Now, before we leap into the new news, let’s revisit some revised figures release just months ago by the U.S. Department of Agriculture. According to the USDA, only 6.6 percent of the country’s land was developed as of 1997, up 32 percent since 1982. That 6.6 percent, however, stands far below what the general public perceives to be true.
What exactly is urban sprawl? Well, according to the Sierra Club, suburban sprawl is irresponsible, often poorly planned development that destroys green space, increases traffic and air pollution, crowds schools and – get this – drives up taxes.
The federal government measures sprawl in terms of population density. In other words, a “good” city has people stacked on top of one another, while a “bad” city includes 1-acre lots. Using this criteria, cities across the United States were judged by comparing their population density in 1990 to the figure for 2000.

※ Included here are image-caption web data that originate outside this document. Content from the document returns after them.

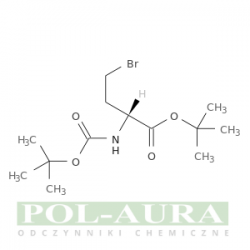 Kwas butanowy, 4-bromo-2-[[(1,1-dimetyloetoksy)karbonylo]amino]-, ester 1,1-dimetyloetylowy, (2r)-/ 95% [123004-74-0]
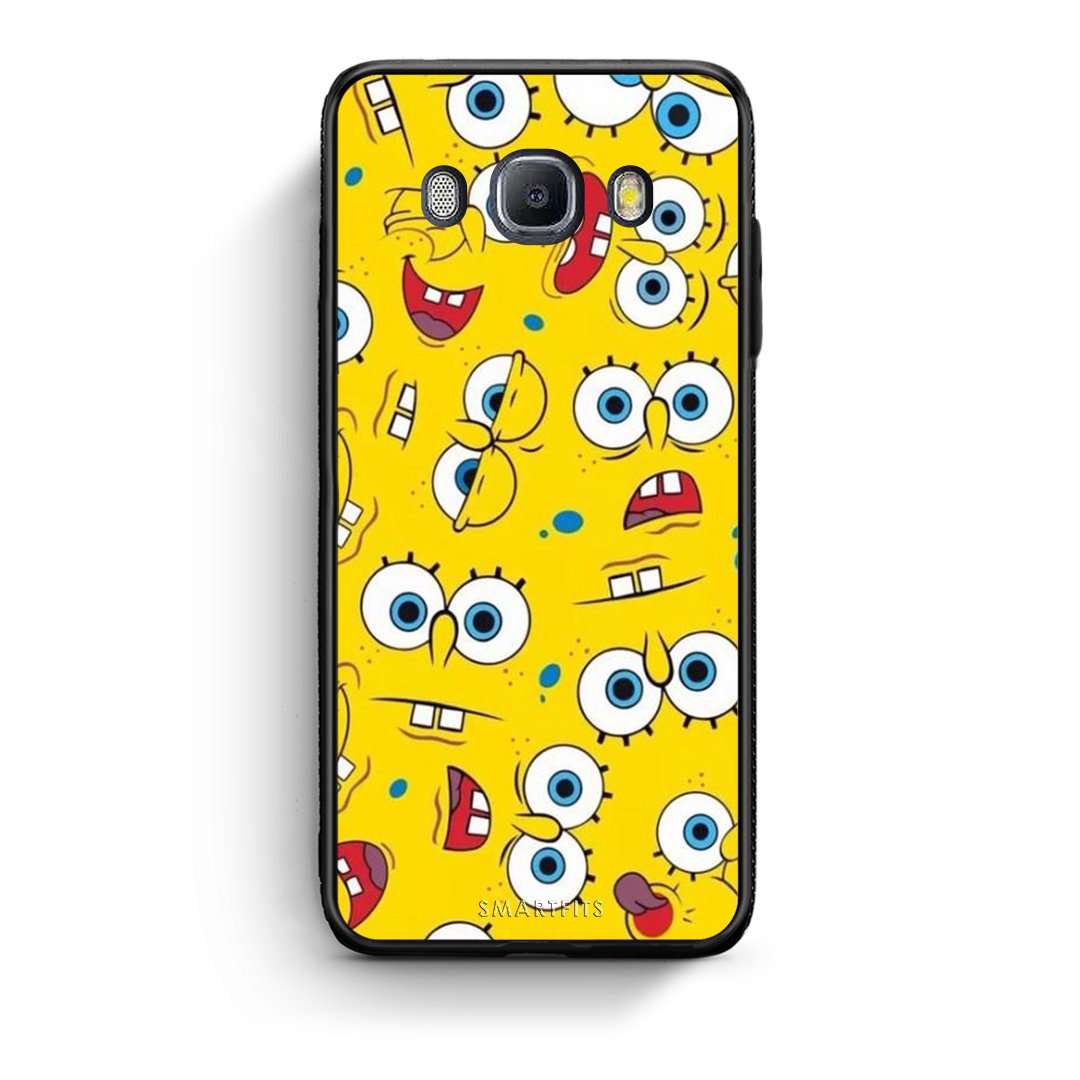 4 - Samsung J7 2016 Sponge PopArt case, cover, bumper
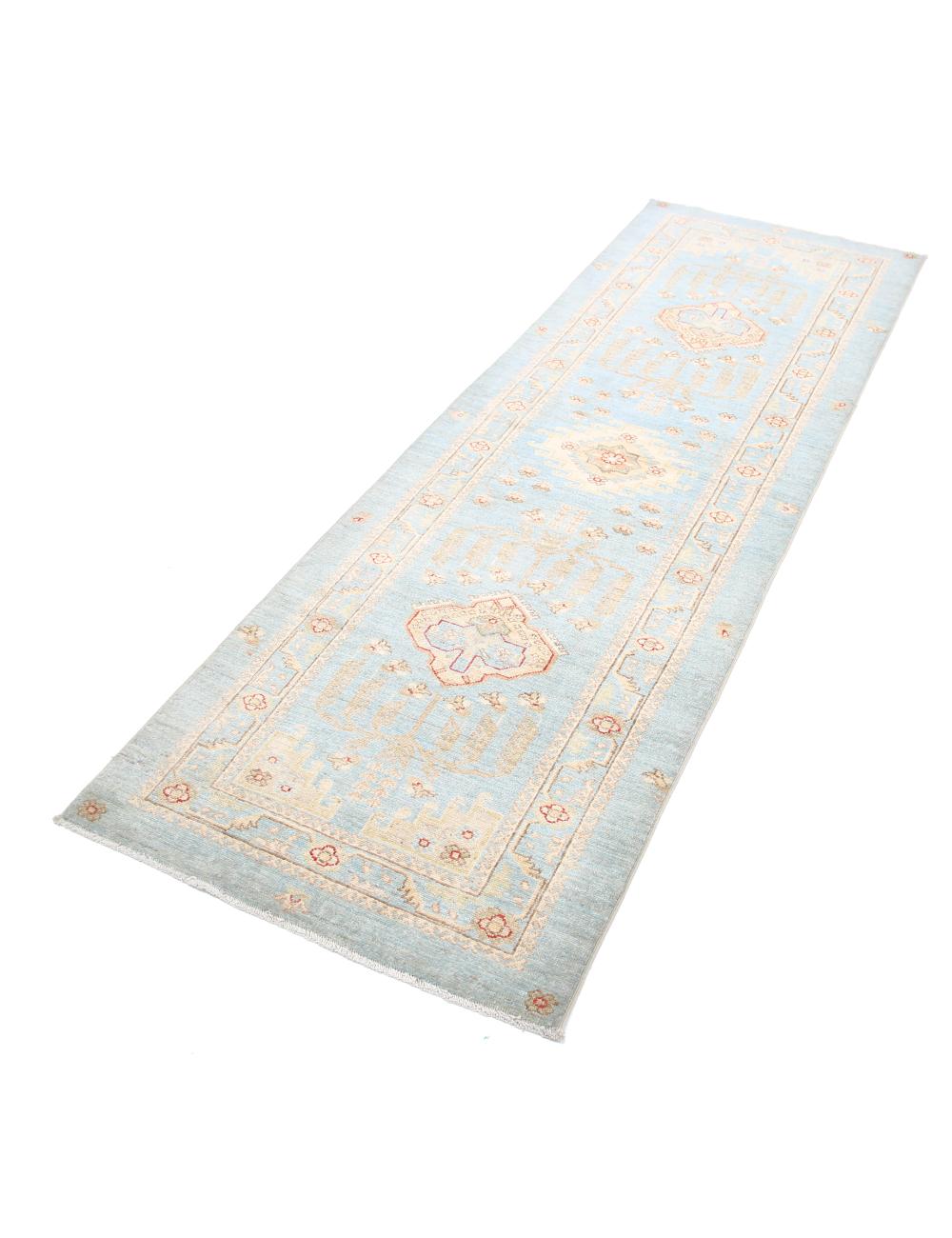 Hand Knotted Ziegler Farhan Wool Rug - 2'8'' x 8'2'' Arteverk Arteverk Rugs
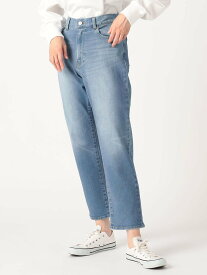 【SALE／50%OFF】Grand PARK NICOLE ストレッチ ボーイフレンド風テーパードデニムパンツ ニコル パンツ ジーンズ・デニムパンツ ネイビー ブルー レッド【送料無料】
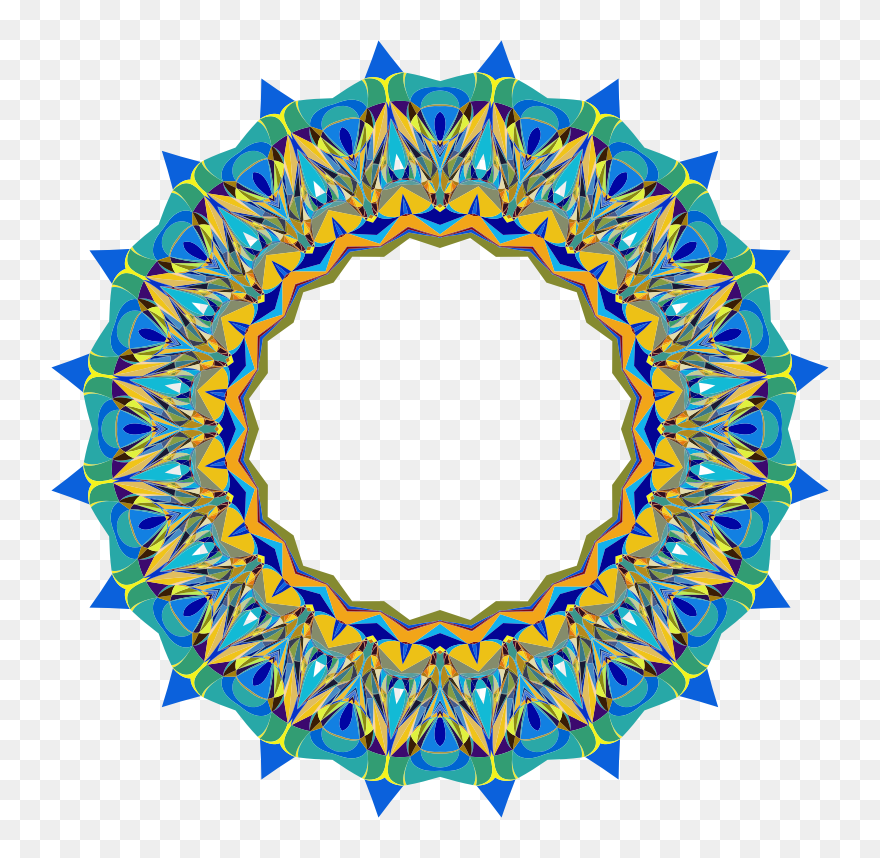 Abstract Geometric Frame - Clip Art - Png Download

The verdict? Major sinners exist in the South, including such fast-growing cities as Charlotte and Greensboro, N.C.; Austin, Texas, Atlanta, Memphis, Orlando and Nashville.
According to a study by NumbersUSA released earlier this month, the nation’s 100 largest cities grew an additional 14,545 square miles over the last 20 years, swallowing 9 million acres of rural land.
And why did these cities sprawl so much? At last, environmentalists are acknowledging that two factors – not one – affect “urban sprawl.” In the past, most environmental groups cited only the “greedy” use of more and more land by each individual as development spread outward from cities. This included the growth of the suburbs which, let’s face it, most Americans prefer to inner-city living.
But now, another factor rings out loud and clear: population growth. Cities in the South and West experiencing the most sprawl are growing significantly in the number of residents.
“On average there are more of us, and each of us is using more urban land,” said Roy Beck, a public policy analyst who co-authored the NumbersUSA study. “Plans and programs to halt the urban sprawl that is devouring thousands of square miles of farmland, natural habitats and open spaces each decade must also focus on slowing population growth to be effective.”
According to the Sierra Club, population growth accounts for 30 percent of America’s land consumption. You can be sure that number is conservative and may reach even higher when collateral effects of increased population are fully accounted for.
In fact, Beck’s study contends that fully half of sprawl is caused by increased population.
A Sierra Club study points out that the effect of population growth on sprawl differs depending on the region. In areas where population is stable, sprawl is caused by urban flight. Yet in the South and West, population growth is a bigger factor.
So what’s next for the environmental lobby? Now that they know “poor urban planning” accounts for only half of sprawl, city growth limits won’t be enough. If an expanding population is the demon, what is the solution offered by envrionmentalists?